§ **Work to complete**
Copy the data below exactly, but not the pictures it contains.

§ **Task inputs**
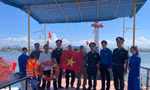 Tặng quà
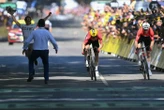 Tour de France : un manifestant entre sur la route à l’arrivée, le responsable des arrivées le plaque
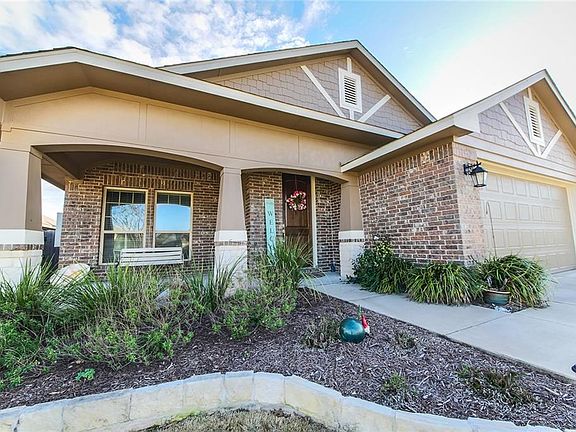 2nd image of 225 Summer Vista Dr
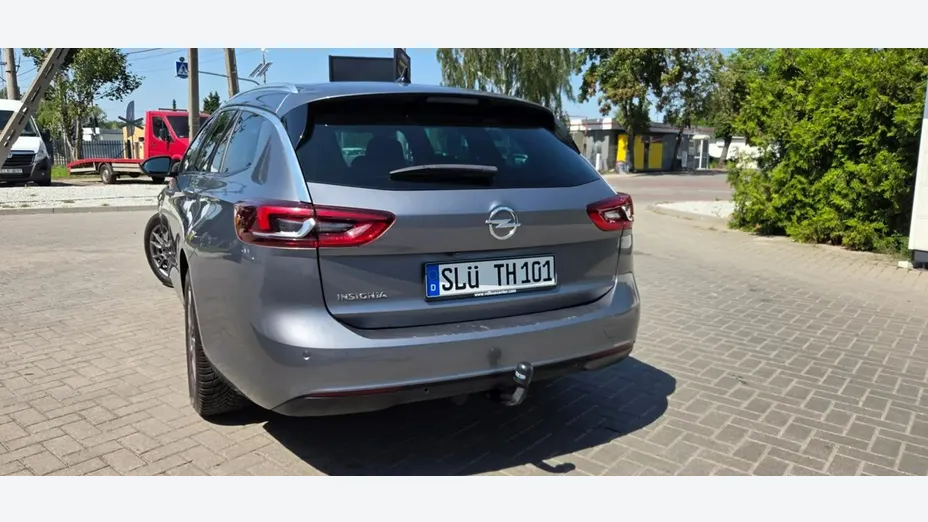 OPEL Insignia -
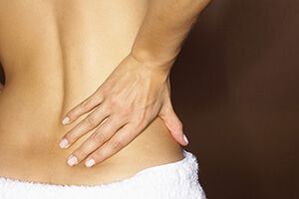Dor lumbar, síntoma de osteocondrose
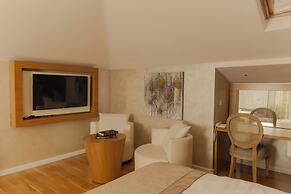 Lale Boutique Hotel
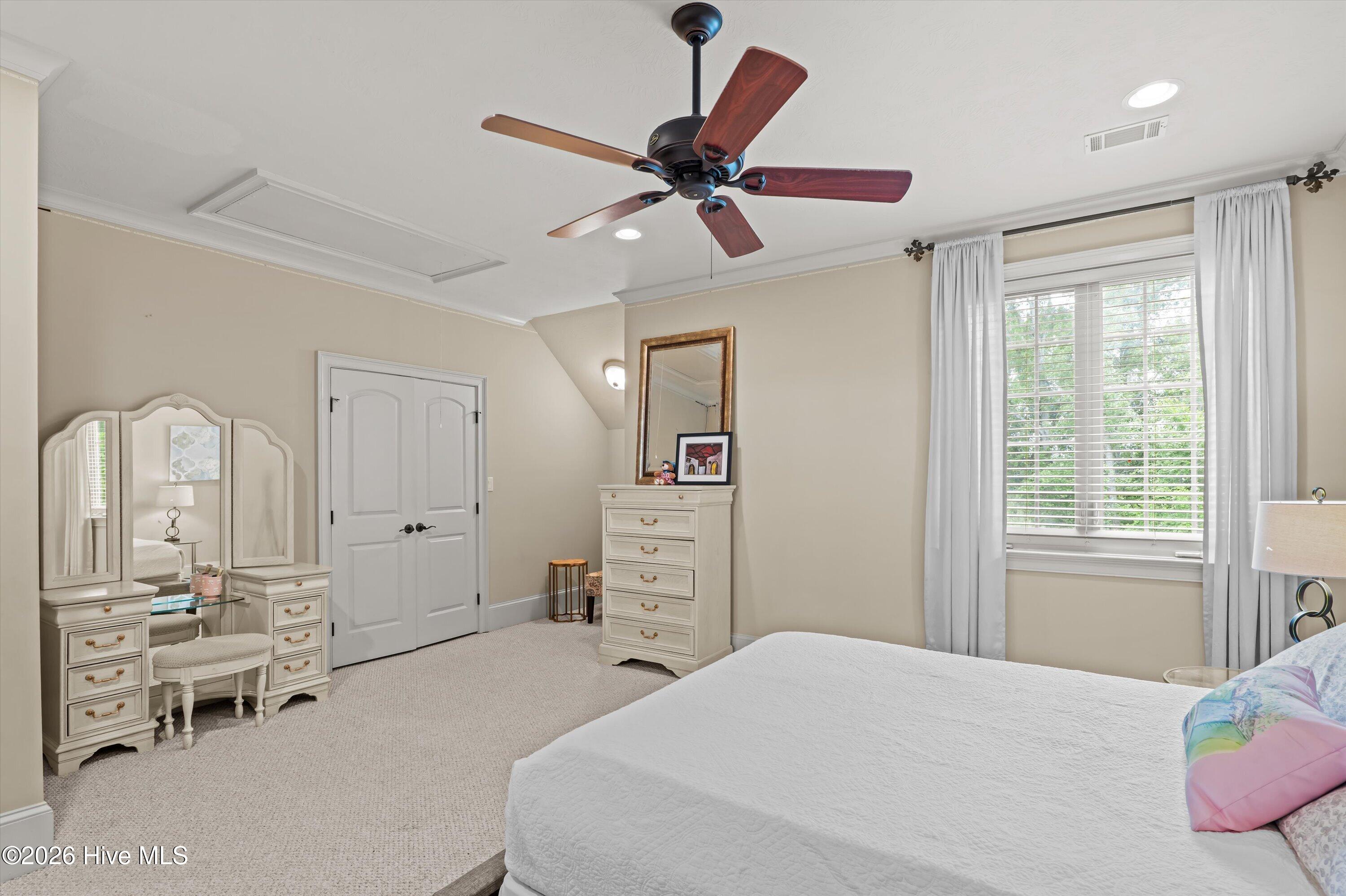1018 Emerald Place Property Photo 49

§ **Task output**
 Tặng quà
 Tour de France : un manifestant entre sur la route à l’arrivée, le responsable des arrivées le plaque
 2nd image of 225 Summer Vista Dr
 OPEL Insignia -
Dor lumbar, síntoma de osteocondrose
 Lale Boutique Hotel
1018 Emerald Place Property Photo 49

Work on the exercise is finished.